The Kandha Gauda, traditionally a cattle herding community, resides alongside the Kondh tribe in Odisha. Their way of life closely resembles that of the Kondh, and they are considered a subsection or derived community of the Kandh tribe. In colonial census records, they were grouped with the Kondh tribe, and post-independence, they are recognized as Scheduled Tribes in Odisha. As of the 2011 census, their population is 26,403, primarily scattered in districts such as Kandhamal, Nayagarh, Sundargarh, Bolangir, Malkangiri, Sambalpur, Koraput and Nawarangpur. Their literacy rate stands at 56.49%. In 1981, their growth rate was 111.40%, but it gradually declined to -16.06% in 2011. The literacy rate, however, experienced positive growth over the years.

==Society==

The Kandha Gauda coexist with the Kondh tribe, sharing the same socio-cultural values.

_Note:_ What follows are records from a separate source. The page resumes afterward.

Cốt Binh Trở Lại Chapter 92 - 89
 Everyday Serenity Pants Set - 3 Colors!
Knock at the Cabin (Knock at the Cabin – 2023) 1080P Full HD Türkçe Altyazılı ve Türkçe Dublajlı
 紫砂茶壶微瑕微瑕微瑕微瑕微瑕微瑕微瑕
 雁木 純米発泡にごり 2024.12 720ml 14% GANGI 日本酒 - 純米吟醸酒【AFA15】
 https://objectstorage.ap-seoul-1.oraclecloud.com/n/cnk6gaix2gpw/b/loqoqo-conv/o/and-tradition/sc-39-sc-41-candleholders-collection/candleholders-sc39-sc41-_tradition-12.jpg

Their society lacks a clan system but is divided into exogamous lineage groups, including Pradhan, Behera, Nayak, and Boi. Monogamy is the norm, though polygamy is not restricted. Marriage through negotiation is considered prestigious, while other modes like capture, elopement, and purchase are accepted. Junior levirate, sororate, and remarriage of widows and widowers are permitted. Their family structure is nuclear, patrilocal, and patrilineal.

Cremation rituals align with Hindu practices, except in cases of child or pregnancy-related deaths, where burial occurs, and a death pollution period of eleven days is observed. The Kandha Gauda follow a diverse religious path, blending their autonomous tribal religion with Hinduism. They worship Baral Devi communally and celebrate the Gotha Puja festival, honoring Badi Debata with a Kendu stick. Magico-religious functionaries like Jani, Dehuri, and Guru conduct their ritual activities. The Jati Mahasabha, a traditional caste council, oversees customary affairs with a chief called Bisoi at the helm.

The Kandha Gauda, traditionally engaged in pastoralism through cattle herding, have adapted to modernization by diversifying their livelihoods. In addition to their traditional practices, they now taken up agriculture, forest collection, leaf plate making, mat-making, and wage earning to sustain their way of life.